A pair of essay rubrics, one for mechanics to use as you read all those sheepish insights bleeting from fields of marginally coherent verbiage. The second is a quick checklist style scoring rubric that saves you time, and the trouble of writing commentary at the end of the essay. These have cut my grading time in half, and I no longer have a line of students asking that I justify their scores. The rubrics are in MS Word 97-2003 so that you can make changes if needed.
The numbers may seem daunting at first, but as you use it you find that you are primarily using seven or eight corrections most of the time.
Here are a few tips for usage:
1. Pass a copy of this out to each of your students at the beginning of the year!
2. Pass out a sheet with numbers (sequential or not).
a. Each student selects a number (not in sequence) and writes it down.

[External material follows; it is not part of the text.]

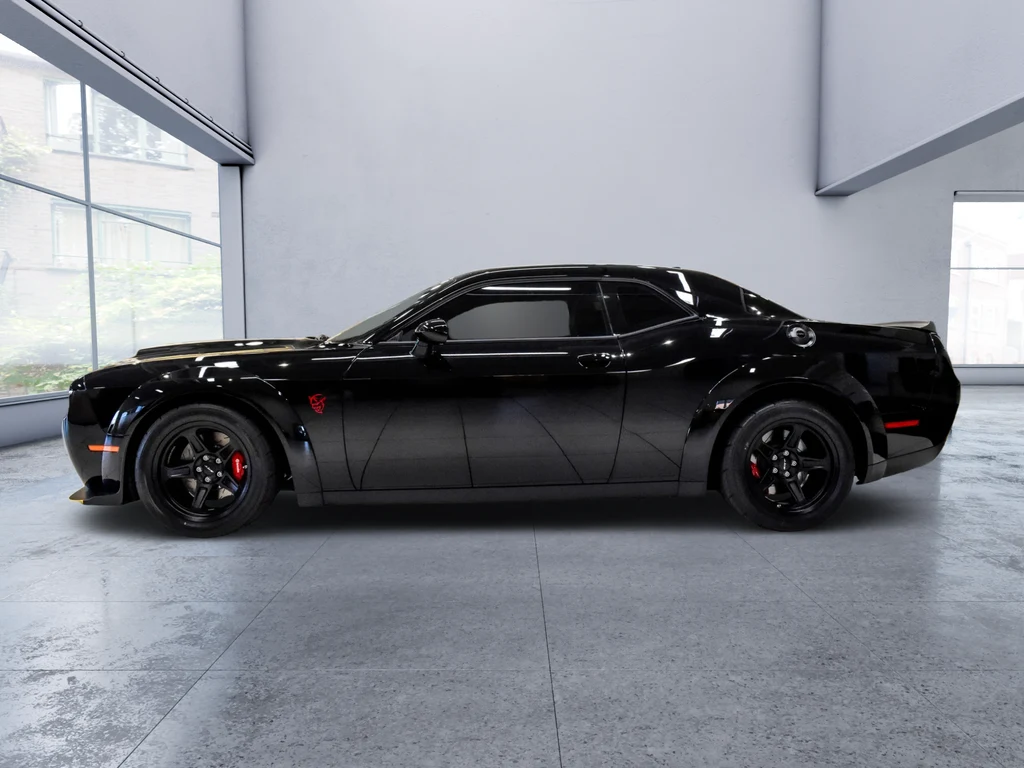 2018 Dodge Challenger SRT Demon, side profile, Black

b. They put that number on their paper as the only identifier.
i. This eliminates accusations of bias/"you just don't like me" arguments
c. Each student puts seven blanks on the back of the last page of his/her essay:
3. Grade papers using the numbered rubric to note errors (faster than marginalia).
4. Assign scores based on the seven domains (this is very quick once you are used to it) and put the numbers in the seven blanks; add up the score.
5. Students come to get their papers as their number is called - at which time you enter their score.
6. Students get the score they deserve - and know it.
7. I have put this in Word because you may want to make changes that reflect your own situation.